Typed and Scraped into Arcturus
Here’s an excellent example of the issues in Open Data. A simple, important, question from David Jones (who is involved in climate research infrastructure). It’s in response to my last post on Open data in Climate Research and it’s an excellent tutorial on the issues. And the result is very depressing.
David Jones says:
Perhaps you could kick off with what data you would like to see open.
Data that I would like, that you might have a professional opinion on, is a reference library for the IR spectra of the Kyoto Protocol gasses (CO2 and other greenhouse gasses). I had a look, but I couldn’t find an open archive of IR spectra. Do you know if one exists?
To remind readers – infrared absorption is the reason than greenhouse gases heat up the planet – they absorb infrared radiation and turn it into heat. The heat is trapped in the atmosphere. CO2 is an important greenhouse gas so it’s infrared absorption is a key piece of data. Ideally we need physical and chemical properties for all atmospheric components.
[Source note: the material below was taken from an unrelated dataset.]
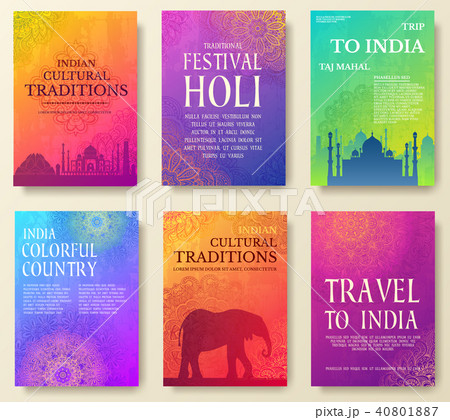 Set of Indian country ornament illustration concep 40801887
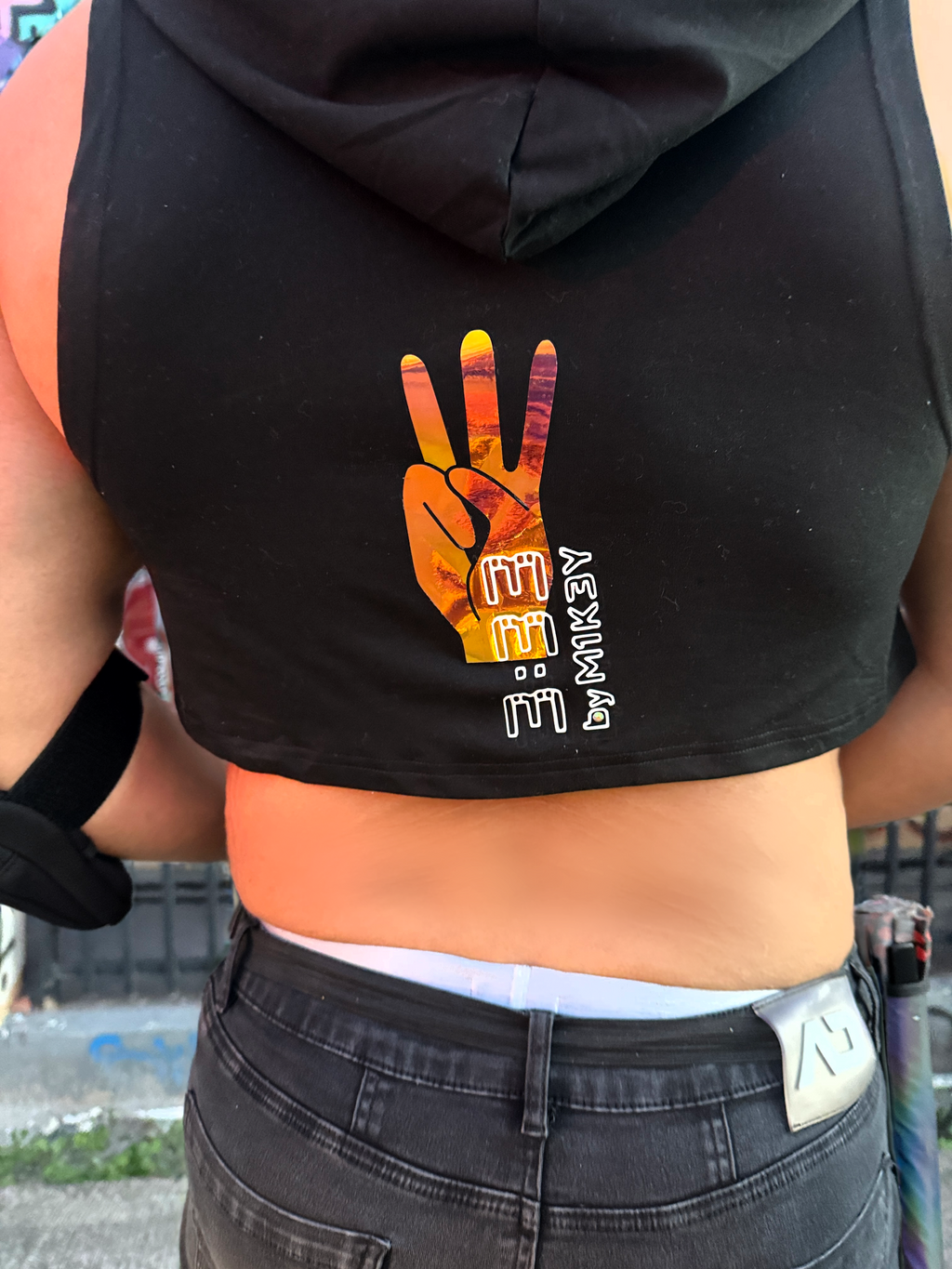 ‘you can’t hurt me’ crop hoodie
I can probably find the spectrum in an undergraduate textbook. If I copied it I would be sued by the publisher and burn in copyright hell. Yes, it’s factual data, and yes it’s important for the future of the planet and yes the publisher simply copied it from the author but copyright is the supreme god and we must worship it. So simply copying known public information from copyright-holders is a legal no-no.
I go to the web, Google for “collections of infrared spectra” and get:
(I have copied this without permission. Wiley is an aggressive publisher who pursued a graduate student, Shelley Batts, for critical blogging a single graph from one of “their” papers. They said it was a mistake and everything was now OK. It’s OK in that copyright still rests completely with Wiley.)
Anyway, we digress. This shows that a SINGLE BOOK of spectra for a SINGLE USER can cost 3000 Euros (that’s about 4000 USD). That shows the scale of problem we face in chemistry. Now I agree that these spectra were won with the sweat-of-the-brow and so on but in these days of automatic machines it does not cost 2 USD to publish a copy of a spectrum. This is an example of monopoly and scarcity control and inflated prices. (It may well be that Hummel does something laudable with the money – I have no idea).
The message is not only that the data are not Open they are enormously expensive.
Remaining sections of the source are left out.